The word synchrotron conjures up images of gargantuan circular machines that accelerate subatomic particles to within an iota of light speed. But a new type of synchrotron fits on a dinner plate and can pull off a trick that its behemoth brethren cannot: The new ring accelerates electrically uncharged molecules--albeit to a pokey 87 meters per second. The clever device could help chemists and physicists decipher the interactions between colliding molecules.
A conventional synchrotron exploits the fact that charged particles curve in a magnetic field. Within the machine, a magnetic field keeps bunches of particles circulating through a long tunnel-like vacuum chamber, like so many boxcars on a circular train track. Each lap, electric fields give each bunch a push so that it gains energy. This technique works for charged particles ranging from wispy electrons to hefty lead nuclei. But it won't work for neutral atoms and molecules, which zip straight through a uniform magnetic field.
Forgoing magnetism, physicists Cynthia Heiner and Gerard Meijer of the Fritz Haber Institute in Berlin and colleagues employed spatially varying electric fields to latch onto neutral molecules. If a molecule is electrically polarized--meaning that positive charge tends to accumulate at one end and negative charge at the other--then it may feel a tiny tug toward places where the electric field is weakest. Taking advantage of this fact, Meijer 6 years ago devised a ring of six electrodes that produced a doughnut of electric fields with a line of zero field running around its middle. That "storage ring" trapped electrically polarized ammonia molecules.

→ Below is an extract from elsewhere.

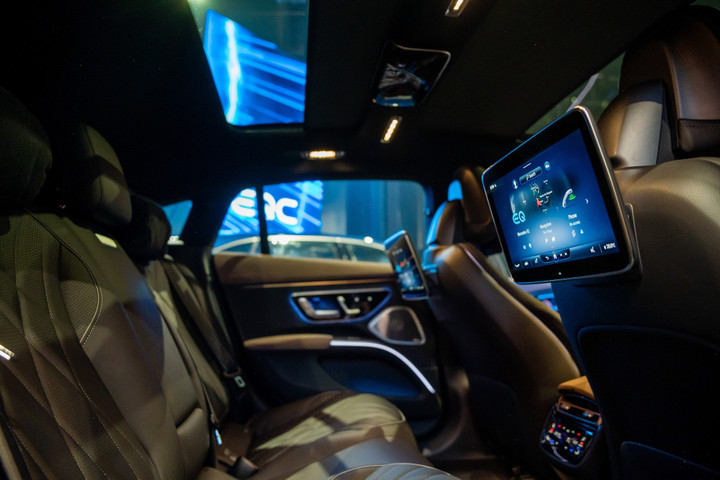 Xe điện Mercedes-Benz EQS ra mắt tại Malaysia, người dùng Việt mong chờ - 5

The problem with the device was that the molecules spread out to fill the entire ring. To solve that problem, Heiner and Meijer had to find a way to keep the particles tightly bunched. First, they split the ring to form two c-shaped halves. They vary the voltages on the two halves so that when a bunch of ammonia molecules flies across the gap between them, the first molecules run into an electric field, which slows them down. The voltages on the electrodes then quickly switch to push the stragglers across the gap so they speed up to the others, they report in the January issue of Nature Physics. "We can keep a bunch of molecules together essentially indefinitely," Meijer says. Because they all move at nearly the exact same speed, the molecules in the 3-millimeter-long bunch have a temperature of less than a thousandth of a kelvin.

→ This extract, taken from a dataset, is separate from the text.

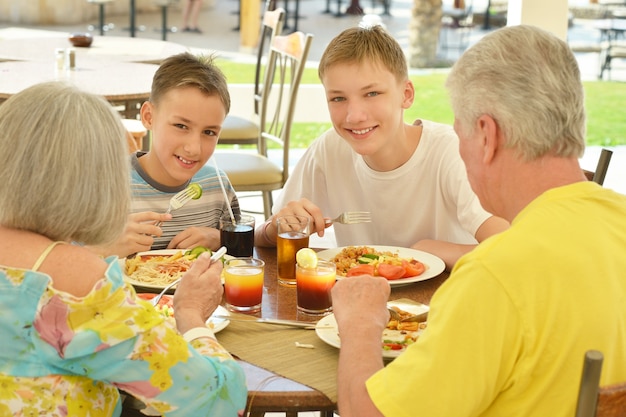 Abuelos con nieto en el desayuno en el resort tropical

The advance is "a very nice step" in the larger enterprise of manipulating very cold gases of molecules, says Daniel Neumark, a chemist at the University of California, Berkeley. Such gases could allow researchers to perform exquisitely precise spectroscopy experiments or probe molecular collisions, which at low temperatures must be described as the collision of quantum waves. He adds that the dainty synchrotron also has a "very high aesthetic appeal."